Coluna Revista Versar: Sentido pra vida

Sentido pra vida

A depressão sempre me chamou a atenção. Não tenho certeza se já tive. Deprimida, sem dúvidas, já fiquei. Não me saí muito bem diante de algumas das surpresas da vida, e dormir bastante foi uma das minhas fugas. Seguia meu trabalho, conversava com os meus, mas dormir me atalhava o peso do dia. Hoje ainda tem horas que me superestimo — e acabo achando que dou conta de tudo, e ainda tem horas que não me acredito, como se a vida fosse uma equação muito difícil de resolver.

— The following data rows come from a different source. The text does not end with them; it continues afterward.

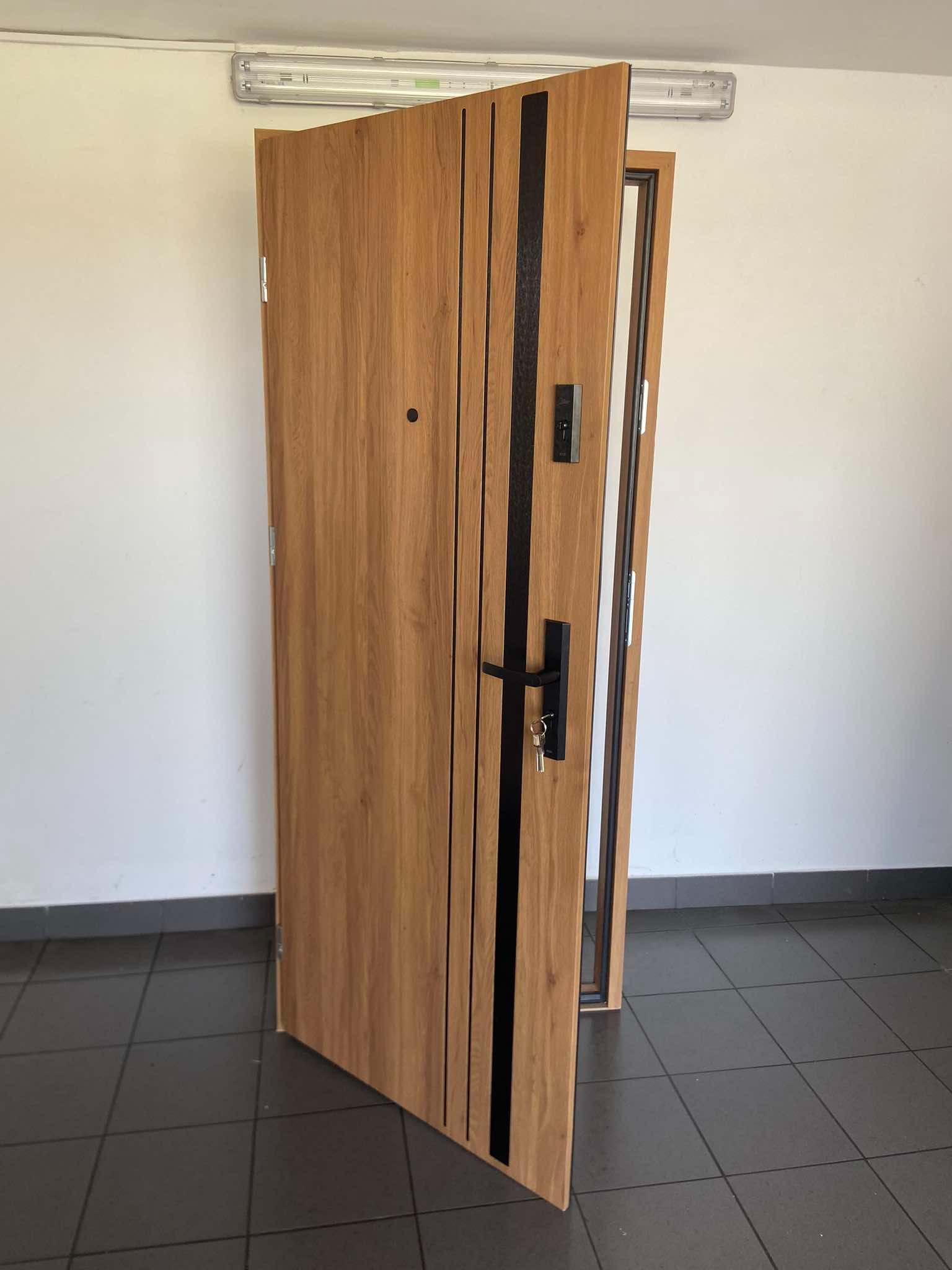 Otwarta drewniana drzwi antywłamaniowe z czarnymi wstawkami i wizjerem, widoczne klucze w zamku, na szarych płytkach podłogowych i białych ścianach, oświetlona jarzeniówką.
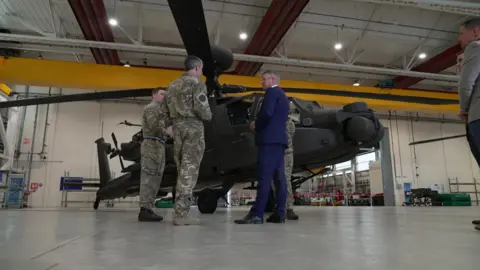 Luke Pollard MP wearing a blue suit stood talking to armed forces personnel in front of an Apache helicopter.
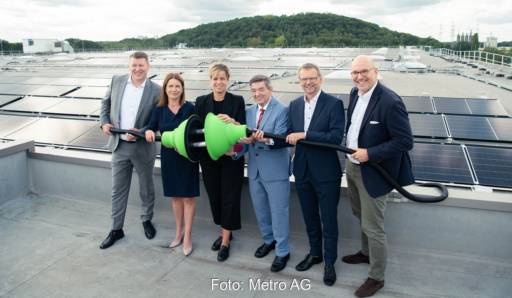 Im Bild Offizielle mit grünem Riesenstecker bei der Einweihung für die größte Photovoltaik-Dachanlage Deutschlands.
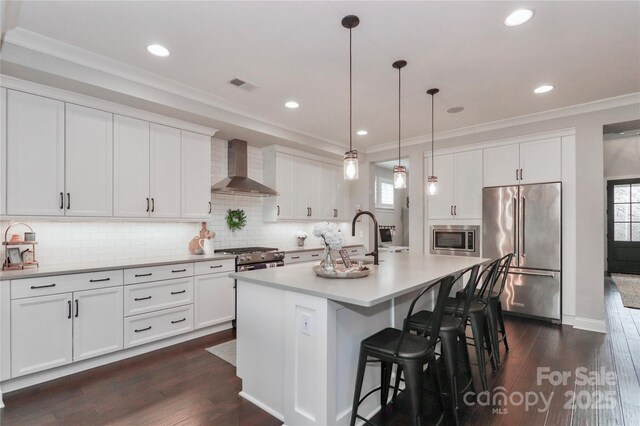 kitchen featuring visible vents, a sink, appliances with stainless steel finishes, crown molding, and wall chimney range hood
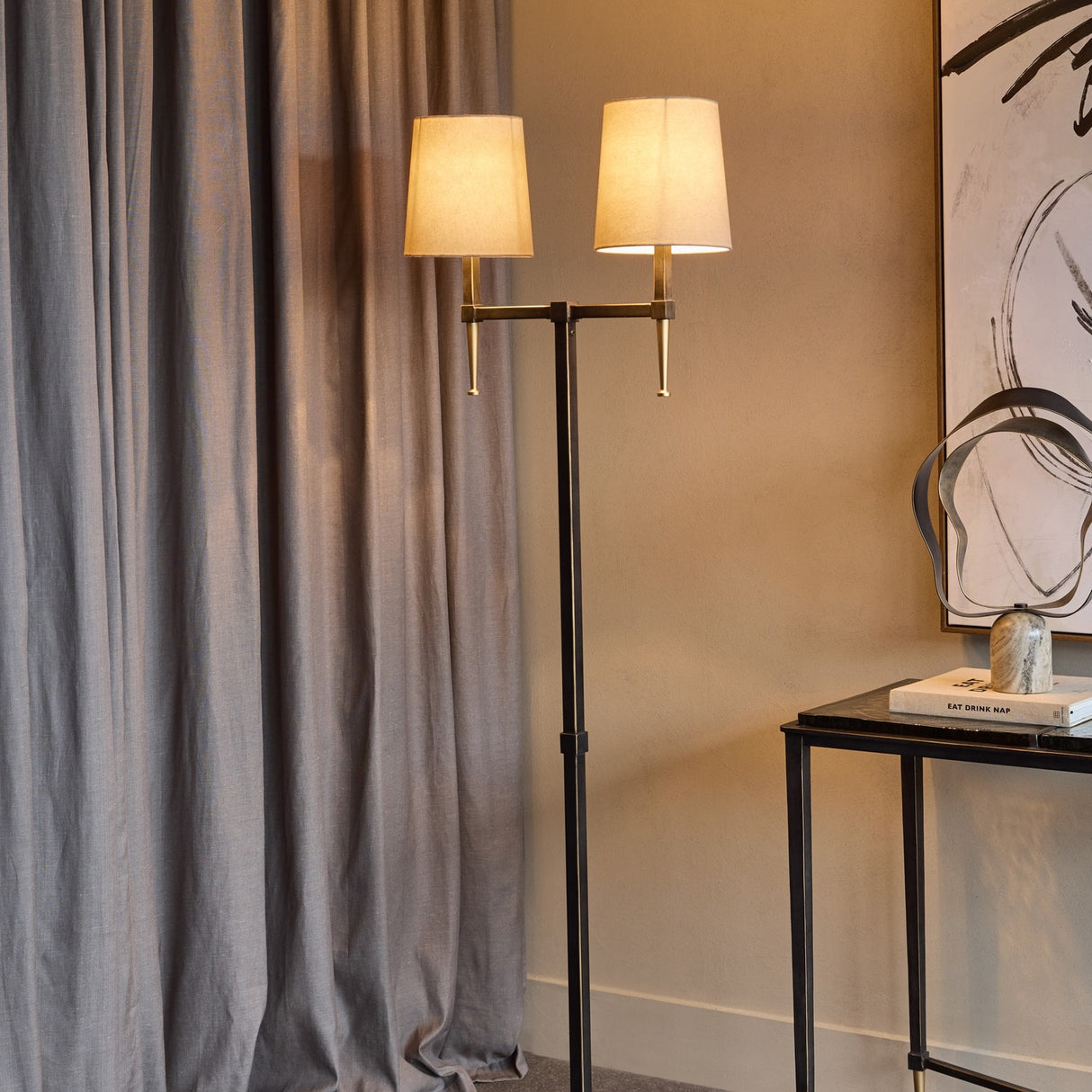 Libra Interiors Twin Shade Bronze Iron Floor Lamp with two bleached linen shades and gold accents, beside grey curtains and a black console table.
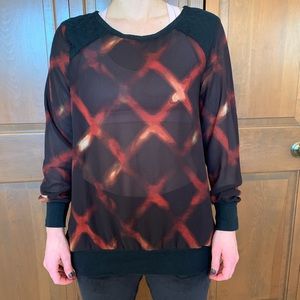 Sheer black and red top.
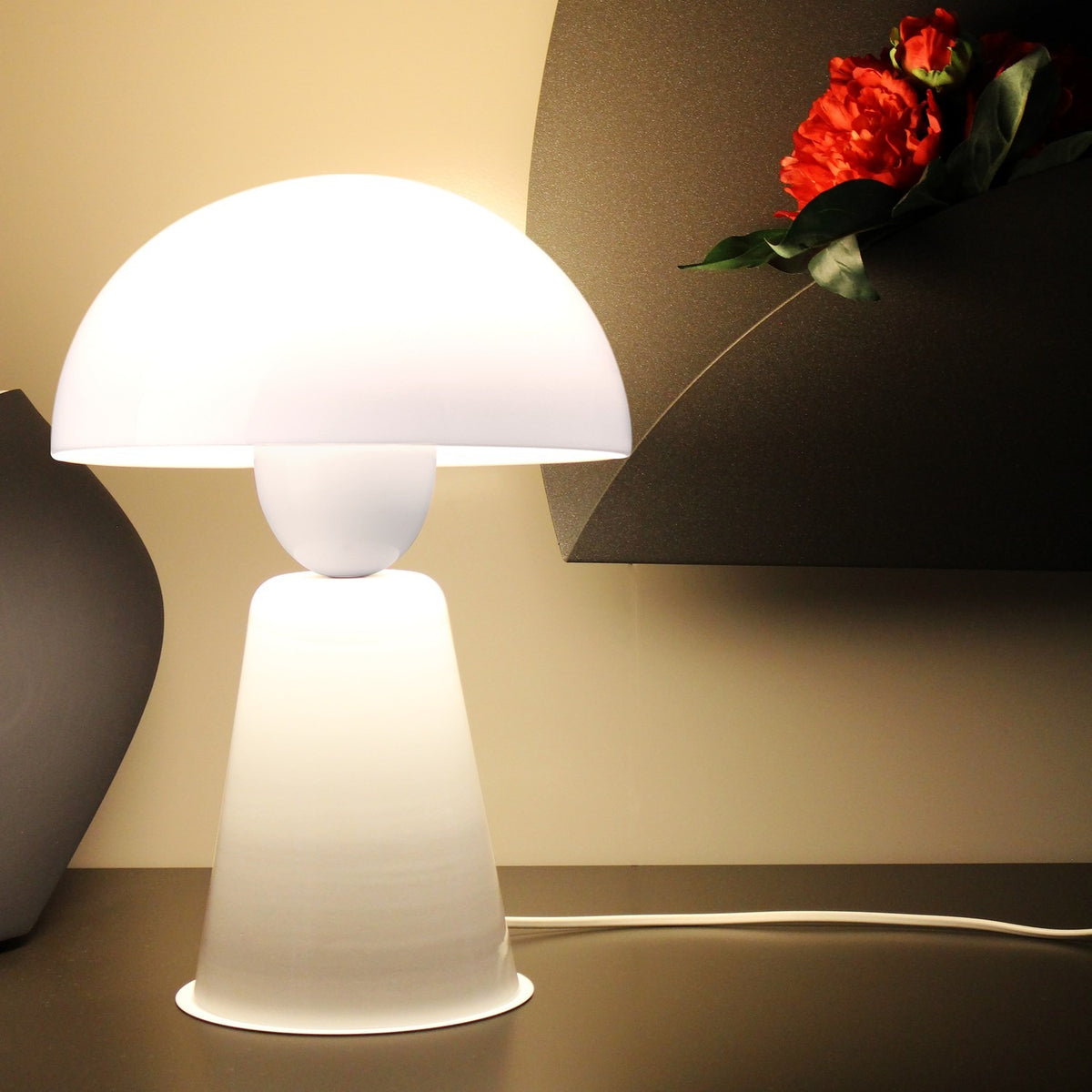 Star Table Lamp in glossy white acrylic and iron, with a dome shade, rounded neck and conical base, lit on a desk beside a dark vase and red flowers.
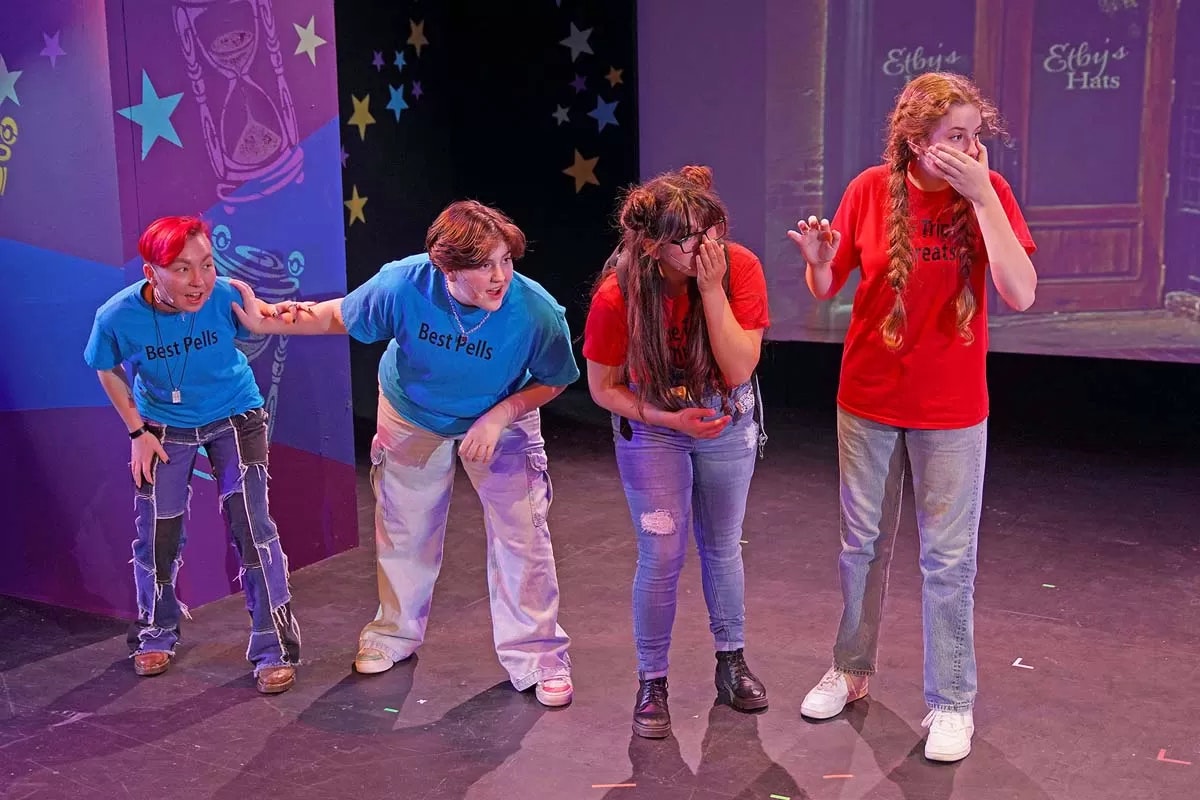 Four people on stage, two in blue "Best Pells" shirts, two in red shirts, appearing surprised or amused, with a colorful backdrop.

Nessa variação de crenças estou sempre aprendendo sobre mim e sobre quais são, de fato, as minhas capacidades e as minhas características. Das coisas que eu esperava antigamente, uma era pela supermotivação para fazer as coisas — como se a empolgação fosse sustentável diariamente. Quando eu ficava normal ou entristecida, me frustava — ao invés de entender que o buraco faz parte de algumas estradas. Mesmo sabendo disso, nem sempre me saio bem – mas me sinto no conforto de pertencer a uma maioria.

Mas semana retrasada tive uma conversa muito rica com uma pessoa que está em depressão. Disse que durante a internação foi vítima e testemunha de alguma insensibilidade — que o médico disse que era “natural” que ela estivesse mal porque está desempregada — procurando dar nome e razão para a angústia que ela sente – que sempre, na depressão, é inominável. A angústia e o vazio desse quadro não tem origem única, nem diagnóstico comum. É um afastamento da identidade e uma perda real pela graça nas coisas.